Exercise requirements.
Retype the records below from their first line through the line containing "38 Westbury Mall", and include nothing else.
___ Material to process ___
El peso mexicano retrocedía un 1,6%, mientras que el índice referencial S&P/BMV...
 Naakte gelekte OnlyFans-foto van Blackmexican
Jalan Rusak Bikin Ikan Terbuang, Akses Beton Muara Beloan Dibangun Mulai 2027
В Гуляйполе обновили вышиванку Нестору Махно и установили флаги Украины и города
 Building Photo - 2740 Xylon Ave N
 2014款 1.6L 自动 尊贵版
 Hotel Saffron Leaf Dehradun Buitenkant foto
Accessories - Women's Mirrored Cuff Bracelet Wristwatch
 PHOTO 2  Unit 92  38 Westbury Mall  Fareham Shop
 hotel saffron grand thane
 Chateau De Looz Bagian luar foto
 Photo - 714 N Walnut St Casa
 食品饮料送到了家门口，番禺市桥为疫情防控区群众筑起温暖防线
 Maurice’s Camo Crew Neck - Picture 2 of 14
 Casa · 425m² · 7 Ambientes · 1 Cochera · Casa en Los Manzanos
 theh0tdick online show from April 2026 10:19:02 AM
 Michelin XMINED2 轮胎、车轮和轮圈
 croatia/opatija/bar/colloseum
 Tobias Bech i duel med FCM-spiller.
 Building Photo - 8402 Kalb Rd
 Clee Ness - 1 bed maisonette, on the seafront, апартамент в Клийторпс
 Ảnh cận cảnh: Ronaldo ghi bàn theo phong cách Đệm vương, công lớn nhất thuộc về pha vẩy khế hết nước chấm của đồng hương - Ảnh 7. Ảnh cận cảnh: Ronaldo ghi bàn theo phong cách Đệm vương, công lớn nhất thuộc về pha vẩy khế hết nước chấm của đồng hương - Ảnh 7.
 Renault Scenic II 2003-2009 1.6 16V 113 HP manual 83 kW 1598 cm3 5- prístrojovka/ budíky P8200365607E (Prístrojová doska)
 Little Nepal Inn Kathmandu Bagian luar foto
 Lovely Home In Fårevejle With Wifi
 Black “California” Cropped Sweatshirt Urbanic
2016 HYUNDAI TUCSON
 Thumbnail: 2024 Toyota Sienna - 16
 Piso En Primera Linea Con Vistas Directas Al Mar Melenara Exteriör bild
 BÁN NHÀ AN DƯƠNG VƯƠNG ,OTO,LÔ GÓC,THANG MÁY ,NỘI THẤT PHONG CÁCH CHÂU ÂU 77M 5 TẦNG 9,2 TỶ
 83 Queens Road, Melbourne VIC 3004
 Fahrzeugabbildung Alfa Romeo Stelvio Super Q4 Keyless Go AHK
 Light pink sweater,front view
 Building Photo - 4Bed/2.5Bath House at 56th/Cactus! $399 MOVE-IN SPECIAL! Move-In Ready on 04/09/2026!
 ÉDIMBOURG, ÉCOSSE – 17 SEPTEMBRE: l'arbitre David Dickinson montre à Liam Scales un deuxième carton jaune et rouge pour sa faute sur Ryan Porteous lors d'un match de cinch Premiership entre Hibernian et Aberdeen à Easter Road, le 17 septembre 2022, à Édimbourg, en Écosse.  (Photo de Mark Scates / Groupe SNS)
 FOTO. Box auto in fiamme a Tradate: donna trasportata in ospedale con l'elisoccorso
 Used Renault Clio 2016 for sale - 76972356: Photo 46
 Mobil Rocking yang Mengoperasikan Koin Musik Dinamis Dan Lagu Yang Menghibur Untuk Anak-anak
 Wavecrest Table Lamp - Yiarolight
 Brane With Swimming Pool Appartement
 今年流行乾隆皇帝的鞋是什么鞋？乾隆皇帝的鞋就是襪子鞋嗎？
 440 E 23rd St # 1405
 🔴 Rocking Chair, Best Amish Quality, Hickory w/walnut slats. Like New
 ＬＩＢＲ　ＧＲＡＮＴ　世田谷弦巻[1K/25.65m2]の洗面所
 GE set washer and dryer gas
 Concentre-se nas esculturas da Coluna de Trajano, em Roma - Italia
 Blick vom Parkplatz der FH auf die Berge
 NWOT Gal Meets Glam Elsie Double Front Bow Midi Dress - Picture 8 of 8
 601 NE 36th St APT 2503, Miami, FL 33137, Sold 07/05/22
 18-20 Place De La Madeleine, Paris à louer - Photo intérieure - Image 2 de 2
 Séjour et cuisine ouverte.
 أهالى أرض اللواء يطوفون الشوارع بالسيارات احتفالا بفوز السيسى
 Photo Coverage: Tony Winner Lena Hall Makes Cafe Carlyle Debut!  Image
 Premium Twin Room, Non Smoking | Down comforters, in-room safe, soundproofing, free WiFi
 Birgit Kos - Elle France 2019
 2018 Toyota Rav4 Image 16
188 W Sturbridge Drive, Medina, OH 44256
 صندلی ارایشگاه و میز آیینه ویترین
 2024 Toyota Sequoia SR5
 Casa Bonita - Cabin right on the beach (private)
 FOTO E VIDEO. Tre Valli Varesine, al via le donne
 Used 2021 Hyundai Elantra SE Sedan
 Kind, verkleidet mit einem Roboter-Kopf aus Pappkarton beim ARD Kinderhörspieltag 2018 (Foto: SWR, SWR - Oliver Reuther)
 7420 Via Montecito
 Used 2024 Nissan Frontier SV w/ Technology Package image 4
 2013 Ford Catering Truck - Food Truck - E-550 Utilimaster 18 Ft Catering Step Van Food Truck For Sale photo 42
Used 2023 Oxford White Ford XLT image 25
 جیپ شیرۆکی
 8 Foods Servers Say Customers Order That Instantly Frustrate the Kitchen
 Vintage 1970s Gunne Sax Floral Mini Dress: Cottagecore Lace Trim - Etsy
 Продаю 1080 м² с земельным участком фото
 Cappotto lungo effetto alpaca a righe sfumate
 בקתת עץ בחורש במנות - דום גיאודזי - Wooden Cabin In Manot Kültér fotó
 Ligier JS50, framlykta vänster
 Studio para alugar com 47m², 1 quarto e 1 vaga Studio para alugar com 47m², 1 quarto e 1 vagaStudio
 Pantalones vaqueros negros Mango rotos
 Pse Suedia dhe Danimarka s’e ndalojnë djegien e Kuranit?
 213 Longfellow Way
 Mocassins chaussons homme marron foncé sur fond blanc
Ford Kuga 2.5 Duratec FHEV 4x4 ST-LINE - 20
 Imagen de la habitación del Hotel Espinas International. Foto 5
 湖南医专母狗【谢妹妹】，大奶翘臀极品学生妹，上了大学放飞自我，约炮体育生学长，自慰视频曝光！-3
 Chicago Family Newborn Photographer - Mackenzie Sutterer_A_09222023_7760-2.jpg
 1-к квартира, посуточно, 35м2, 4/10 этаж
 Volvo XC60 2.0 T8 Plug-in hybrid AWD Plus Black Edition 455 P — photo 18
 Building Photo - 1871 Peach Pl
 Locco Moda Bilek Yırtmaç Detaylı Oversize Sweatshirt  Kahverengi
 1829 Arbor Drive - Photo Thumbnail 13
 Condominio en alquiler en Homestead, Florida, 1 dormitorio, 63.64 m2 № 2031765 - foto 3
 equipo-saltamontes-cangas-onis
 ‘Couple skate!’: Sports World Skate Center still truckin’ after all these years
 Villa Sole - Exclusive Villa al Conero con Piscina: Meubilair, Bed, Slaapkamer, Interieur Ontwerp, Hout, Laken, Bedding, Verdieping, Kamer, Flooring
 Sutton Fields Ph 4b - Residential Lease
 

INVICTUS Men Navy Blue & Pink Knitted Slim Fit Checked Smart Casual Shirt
___
Response below.
El peso mexicano retrocedía un 1,6%, mientras que el índice referencial S&P/BMV...
 Naakte gelekte OnlyFans-foto van Blackmexican
Jalan Rusak Bikin Ikan Terbuang, Akses Beton Muara Beloan Dibangun Mulai 2027
В Гуляйполе обновили вышиванку Нестору Махно и установили флаги Украины и города
 Building Photo - 2740 Xylon Ave N
 2014款 1.6L 自动 尊贵版
 Hotel Saffron Leaf Dehradun Buitenkant foto
Accessories - Women's Mirrored Cuff Bracelet Wristwatch
 PHOTO 2  Unit 92  38 Westbury Mall  Fareham Shop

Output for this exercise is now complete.